Vennootschapsrechtelijk

Vooreerst dienen een aantal vennootschapsrechtelijke regels worden toegelicht.

De vennoten onder firma zijn hoofdelijk aansprakelijk voor alle verbintenissen van de vennootschap ook al heeft één enkele vennoot getekend, mits dit namens de vennootschap gebeurd is. Vennoten in een VOF kunnen evenwel niet persoonlijk worden veroordeeld op grond van de verbintenissen van de vennootschap zolang deze niet zelf is veroordeeld.

Bij een overdracht van de aandelen, die dient te geschieden met inachtneming van de vormen van het burgerlijk recht, verdwijnt de hoofdelijke aansprakelijkheid, doch niet voor de verbintenissen van de VOF van tijdens de periode van het aandeelhouderschap van de ex-vennoot.

Na ontbinding wordt een vennootschap geacht voort te bestaan voor haar vereffening. Zij behoudt derhalve haar rechtspersoonlijkheid.

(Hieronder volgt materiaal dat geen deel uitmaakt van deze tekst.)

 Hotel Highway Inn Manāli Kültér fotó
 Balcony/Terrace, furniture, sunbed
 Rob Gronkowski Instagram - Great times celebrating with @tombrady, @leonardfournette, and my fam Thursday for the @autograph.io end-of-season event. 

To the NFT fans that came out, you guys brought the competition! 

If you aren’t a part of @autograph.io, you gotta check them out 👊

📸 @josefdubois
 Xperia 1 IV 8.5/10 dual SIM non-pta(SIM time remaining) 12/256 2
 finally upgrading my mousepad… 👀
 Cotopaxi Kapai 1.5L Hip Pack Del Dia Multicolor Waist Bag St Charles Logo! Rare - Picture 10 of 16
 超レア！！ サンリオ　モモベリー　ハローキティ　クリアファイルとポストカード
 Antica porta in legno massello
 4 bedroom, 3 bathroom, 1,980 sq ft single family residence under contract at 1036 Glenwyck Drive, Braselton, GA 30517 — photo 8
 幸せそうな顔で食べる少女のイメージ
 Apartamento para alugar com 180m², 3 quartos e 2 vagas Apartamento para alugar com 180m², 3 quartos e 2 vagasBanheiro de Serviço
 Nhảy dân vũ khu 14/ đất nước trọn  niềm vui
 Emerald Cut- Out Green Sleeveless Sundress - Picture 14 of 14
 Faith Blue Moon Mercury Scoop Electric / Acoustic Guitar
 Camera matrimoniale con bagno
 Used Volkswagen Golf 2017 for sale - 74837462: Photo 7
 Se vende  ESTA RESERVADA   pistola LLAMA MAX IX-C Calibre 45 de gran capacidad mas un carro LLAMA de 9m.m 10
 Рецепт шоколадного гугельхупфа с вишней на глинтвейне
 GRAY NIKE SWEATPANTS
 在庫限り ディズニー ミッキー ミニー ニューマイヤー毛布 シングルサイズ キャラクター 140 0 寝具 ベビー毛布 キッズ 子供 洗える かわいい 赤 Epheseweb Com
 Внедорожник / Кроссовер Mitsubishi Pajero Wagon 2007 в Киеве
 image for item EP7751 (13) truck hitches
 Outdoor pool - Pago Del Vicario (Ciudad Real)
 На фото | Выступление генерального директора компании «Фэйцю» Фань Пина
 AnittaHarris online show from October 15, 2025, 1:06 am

De sluiting van de vereffening van een vennootschap maakt in beginsel een einde aan het bestaan en aan de rechtspersoonlijkheid van die vennootschap. Zij verdwijnt als afzonderlijk rechtssubject zonder vermogen, organen of maatschappelijke zetel. Na haar vereffening leidt een vennootschap enkel nog een passief voortbestaan in de persoon van de vereffenaar gedurende vijf jaren. De vennootschap kan na haar vereffening enkel nog worden aangesproken middels een vordering tegen de vereffenaar als zodanig, zijnde vereffenaar qualitate qua, dit is in zijn hoedanigheid van vertegenwoordiger van de vereffende vennootschap. Na de sluiting van de vereffening houdt het actief bestaan van de vennootschap aldus op en is zij vanaf dat ogenblik nog enkel aanspreekbaar als passieve rechtspersoon in de persoon en in de woonplaats van haar vereffenaar (Gent 13 december 1988).

In fiscalibus

In fiscalibus moeten de aanslagen worden ingekohierd op naam van de betrokken belastingschuldigen. Er wordt niet bepaald bij wet wie als betrokken belastingschuldige dient te worden aangemerkt indien de vereffening van de belastingplichtige vennootschap is afgesloten, zodat ter zake dient te worden teruggegrepen naar het gemeen recht, te weten hier de hoger geschetste vennootschapsrechtelijke regels. Na de sluiting van de vereffening van de belastingplichtige vennootschap wordt derhalve de vereffenaar de betrokken belastingschuldige.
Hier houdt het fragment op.